Monday, March 17, 2014

The Blue Spoon (Portland, ME)

Located right at the intersection of Congress and Munjoy Sts. in the Munjoy Hill section of Portland, The Blue Spoon is a cute little restaurant that offers a Saturday (but not Sunday) brunch.  This is where we wanted to go the previous time I was in Maine, but it was so packed we ended up at East Ender.  With only about twenty to twenty five seats, it is easy for this place to fill up quickly, and though my meal had some disappointing aspects, I can see why The Blue Spoon is popular. 

My sister and I grabbed a late (around 1:00pm) brunch here after my old favorite, Bintliff's American Cafe, ended up being packed with a significant wait anticipated.  Neither of us wanted to deal with that, so we took a shot at The Blue Spoon again, which was basically empty this time when we arrived, though a few people shuffled in after us.

The coffee we were served was both quite good (not La Fiorentina level, but I would say it was equal to Amherst Coffee).  It was hot but not boiling, and replenished often; a good start for any restaurant serving breakfast or brunch.

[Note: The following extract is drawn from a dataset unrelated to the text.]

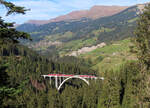 Regionalzug von Chur nach Arosa auf dem imposanten, 287 m langen Langwieser Viadukt in der Nähe der Station Langwies. Langwies, 12.10.2023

I went with the restaurant's take on my personal favorite Eggs Benedict, which was completely not traditional but really interesting.  My sister had the classic two eggs, bacon, home fries and toast, which she was quite pleased with.  The "Benedict" consisted of a soft on the inside, crispy on the outside sweet potato pancake; not quite a latke, it was softer than that and was really more like mashed potatoes in pan seared patty form, though that was definitely not how it was constructed.  This was, without a doubt, the best part of the meal, as it was seasoned perfectly, had just the right balance of textures, and sopped up the yolk from the eggs.  On top of this were a couple thick slices of bacon, which somehow managed to be both crisp to the point of nearly crumbling and also chewy; I am not quite sure how this was achieved, but it was great.  The obligatory poached eggs perched atop the bacon, and were nicely cooked.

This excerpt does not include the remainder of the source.